La verdad es que creo que voy a dejar de
escribir y pensar en estas cosas porque por un momento me he creído que eran
ciertas y que mañana me podría desayunar un donuts de crema sin cargo de
conciencia. Pero no, creo que será manzana otra vez.
El mundo de la comida es que da para
mucha reflexión. De pequeña escuché una conversación sobre cómo sería el mundo
si inventasen unas pastillas que sustituyesen para siempre a las comidas, sin
que nuestra salud sufriera ningún tipo de contratiempo. Dichas pastillas se
ingerirían en desayuno, comida y cena, y con los avances que hay actualmente no
me extrañaría nada que alguna mente perversa las tuviera ya en fase
experimental.
Imagina un mundo sin comidas. Para
empezar, se acabaron las horas perdidas en la carnicería, en la frutería, en la
pescadería, en la panadería (básicamente en todo lo que acaba en –ía y que
suministra alimentos), ya no habría que destinar como mínimo un tiempo semanal
para hacer la compra, ni meterla en bolsas, ni subirla cargados a casa, ni
meterla en los armarios ni en la nevera. Básicamente porque no habría nevera ya
que directamente no habría cocina. Las cocinas serían sustituidas por elegantes
pastilleros que podríamos guardar en cualquier otra parte de la casa.
Por supuesto olvidarse del tiempo perdido
en cocinar, en pensar qué comer mañana o qué cenar pasado, nada de fregar los
cacharros, limpiar el horno o rascar en la vitrocerámica los pegotes difíciles.

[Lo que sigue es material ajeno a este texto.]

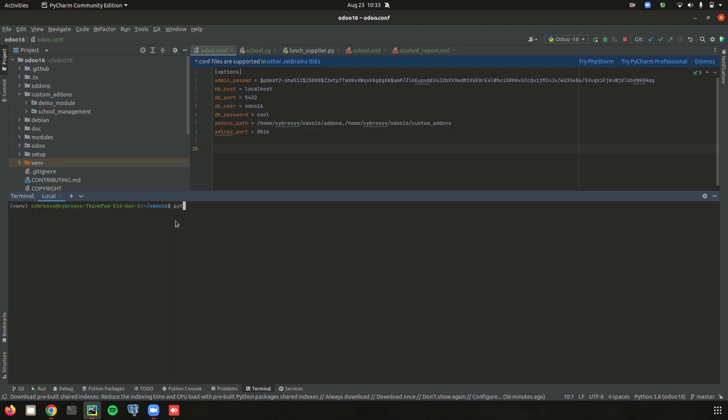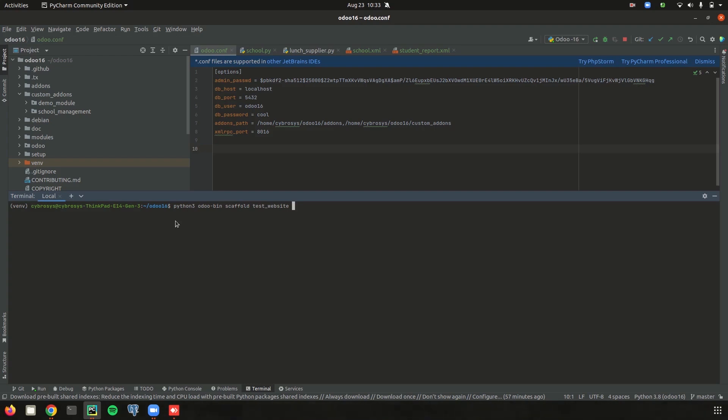I am just entering the single line command as python3 odoo-bin and our method that is scaffold, then the name of our module that we needed. So currently for my module, I am creating module name as test_website, then the custom directory. So here my directory is custom addons. I am just adding the directory custom addons, then enter.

Adiós a las digestiones pesadas, a los ardores de estómago o incluso a los
kilos de más.
La vida social no tendría por qué
resentirse porque seguiríamos quedando, en vez de a comer, a “tomarnos la
pastilla”. Y los locales en vez de mesas con sillas sólo tendrían mullidos
sofás en los que nos sentaríamos a charlar en vez de esperar impacientes a que
los camareros nos sirviesen el entrecot al punto.

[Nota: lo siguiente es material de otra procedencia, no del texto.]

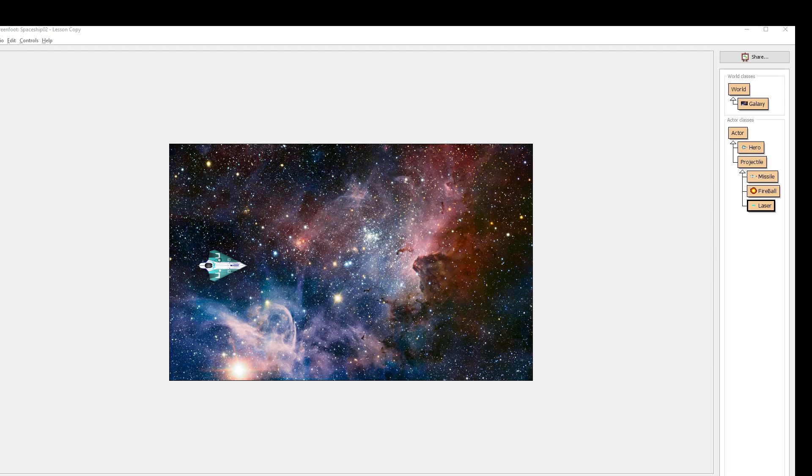Welcome back students. Mr. Owl again with part five of your spaceship tutorials. We've been flying through things quick here.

¡Qué gusto no tener que soportar los
ruidos de los que engullen palomitas en el cine y no te dejan enterarte de la
mitad de la película!
En Navidad tampoco habría grandes gastos
en mariscos, ni atracones de cochinillo ni siquiera habría que comerse las
uvas. Con un pastillazo nos quitábamos todo de golpe.

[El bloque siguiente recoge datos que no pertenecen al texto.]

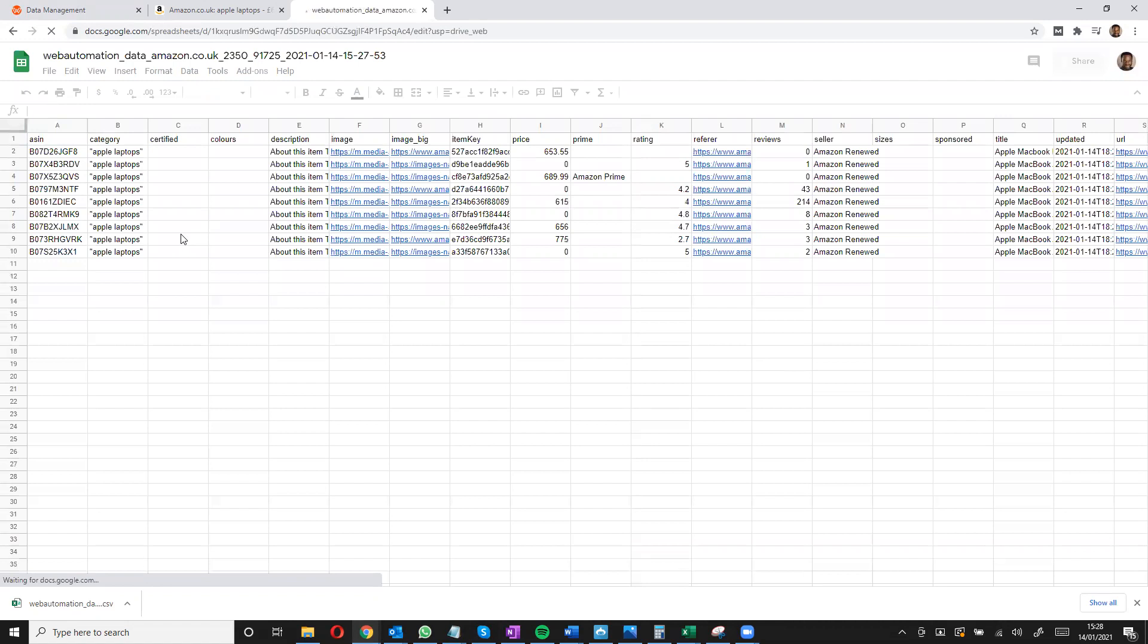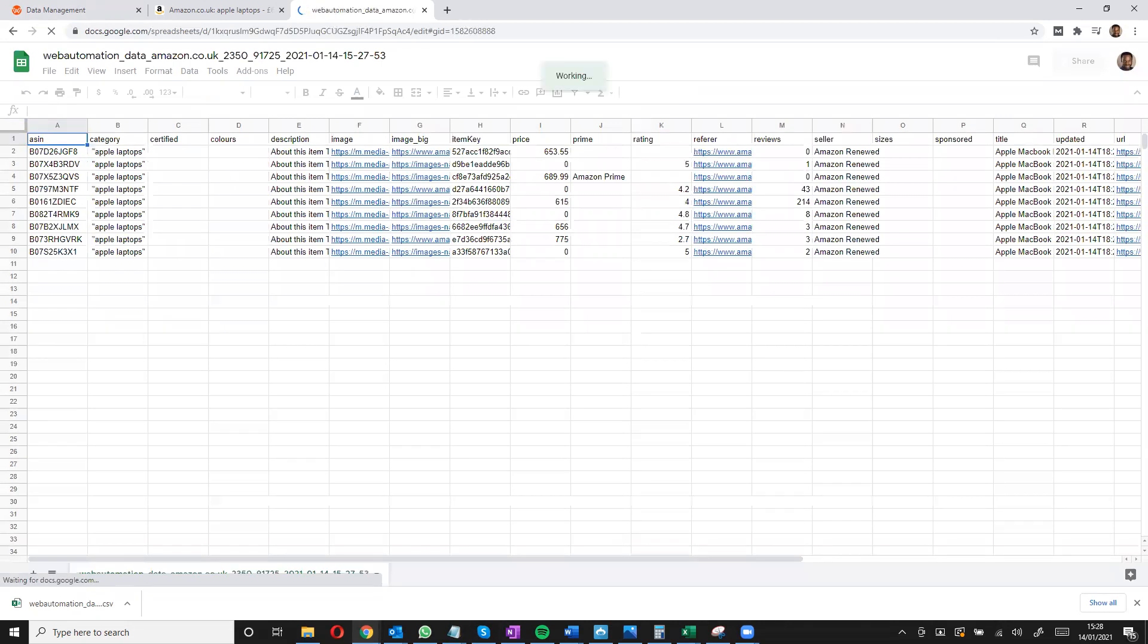There we go. So we can see we scraped all the Apple laptops within the price range in only a few minutes with the predefined ready-to-go scraper by web automation. Why don't you give it a try and see you next time.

Y en los cumpleaños podríamos también
soplar velas, que no estarían encima de la tarta, sino que por ejemplo las
sujetarían en las manos los invitados. Que ya no se llamarían invitados porque
en realidad la pastilla se la traerían cada uno de su casa.
Si pensamos en términos de tiempo y
dinero que nos ahorraríamos parece una opción deseable. Es impresionante todo lo
que está montado alrededor de la comida y que podría desaparecer de un plumazo
si esas pastillas mágicas existieran.
Por un momento mientras pensaba en la
cantidad de tiempo y quebraderos de cabeza que me iba a quitar de encima ha
estado a punto de seducirme la idea. Pero ha sido un momento muy breve. Después
he pensado en Lloyd.
Lloyd es ese tipo de persona del que de
vez en cuando te acuerdas, te asalta su imagen de repente, al igual que la
frase de la monja. Da igual que pasara fugazmente por mi vida y sin la más
mínima relevancia. Me sigo acordando de él.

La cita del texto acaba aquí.